PROBLEM DESCRIPTION:
From the data that follows, set down exactly the lines from the one with "Lilla Hult ordlek t-shirt" through the one with "2018 Buick Encore Preferred photo 3", counting both. Pictures stay out.

PROVIDED RECORDS:
::::::::

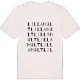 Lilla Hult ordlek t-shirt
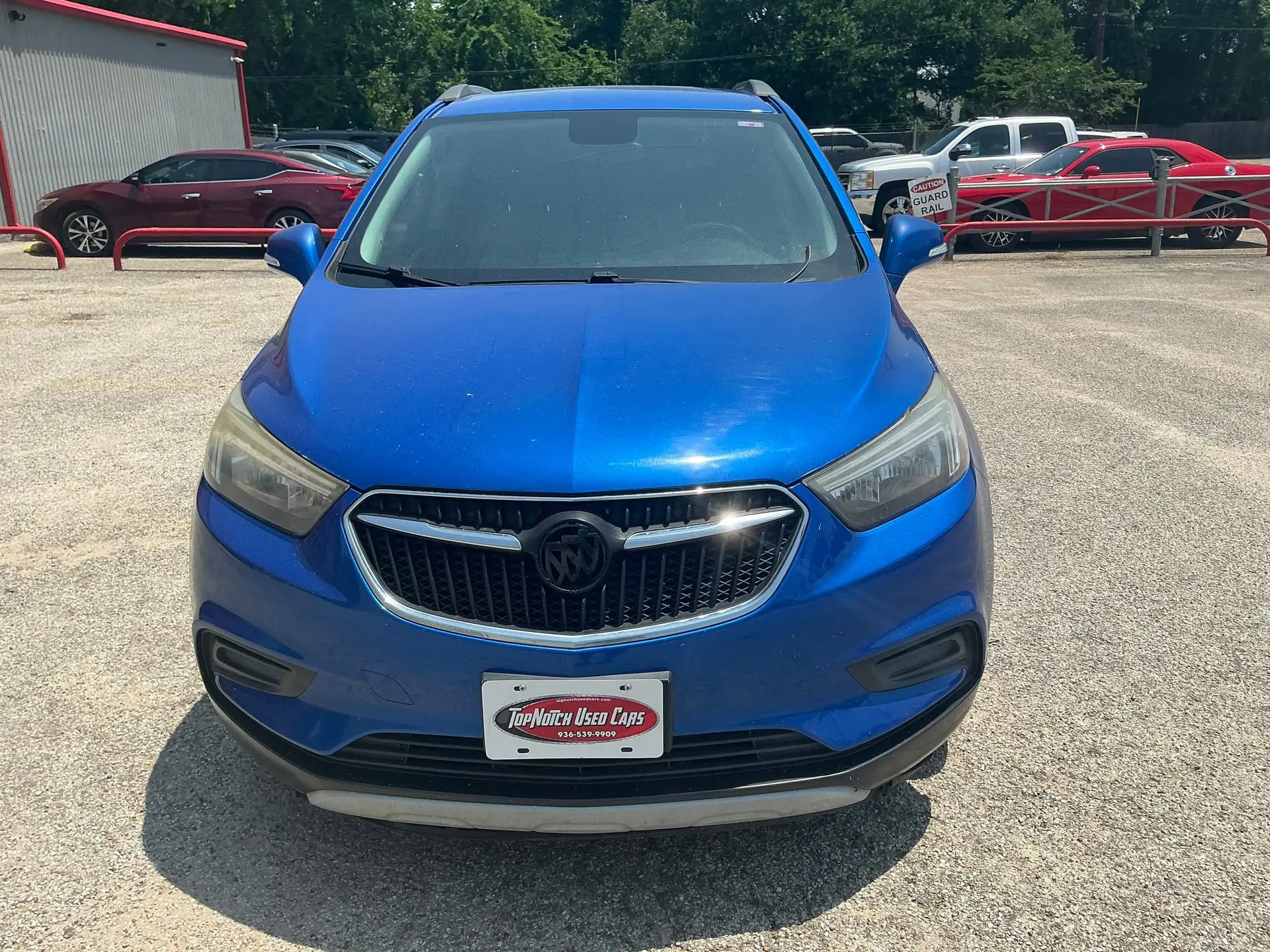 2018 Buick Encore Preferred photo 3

::::::::

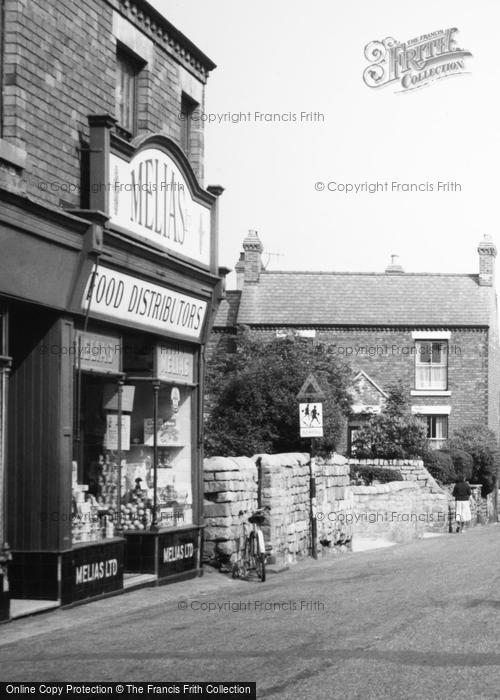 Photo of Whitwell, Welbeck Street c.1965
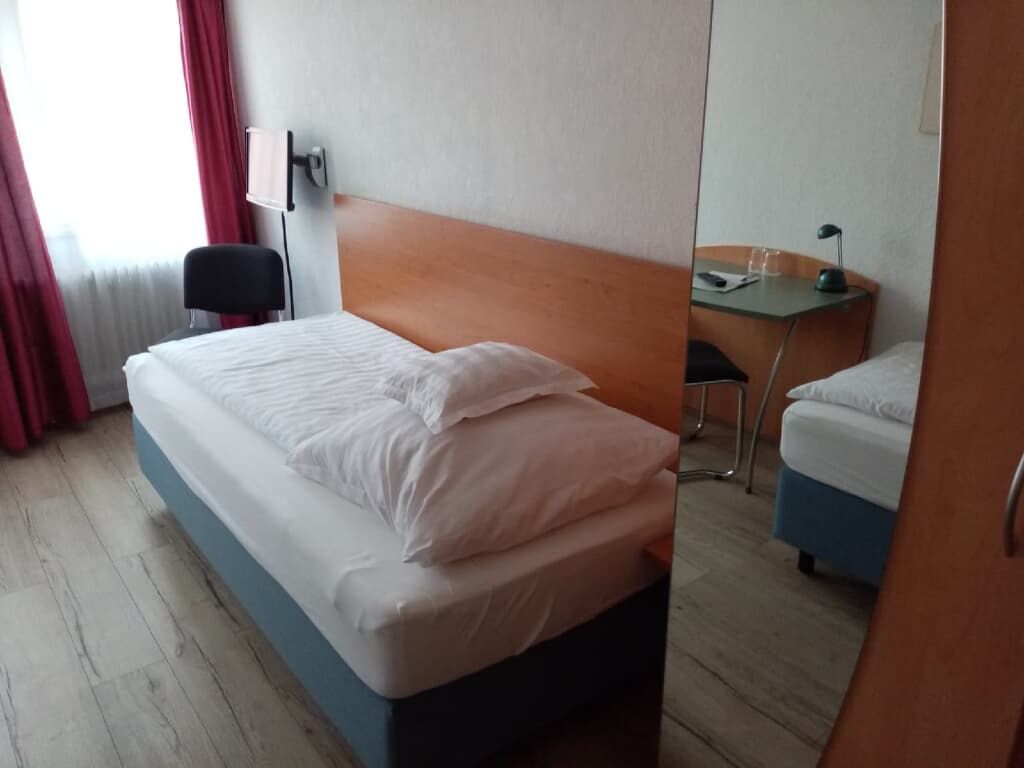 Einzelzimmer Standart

::::::::

YOUR RESPONSE:
 Lilla Hult ordlek t-shirt
 2018 Buick Encore Preferred photo 3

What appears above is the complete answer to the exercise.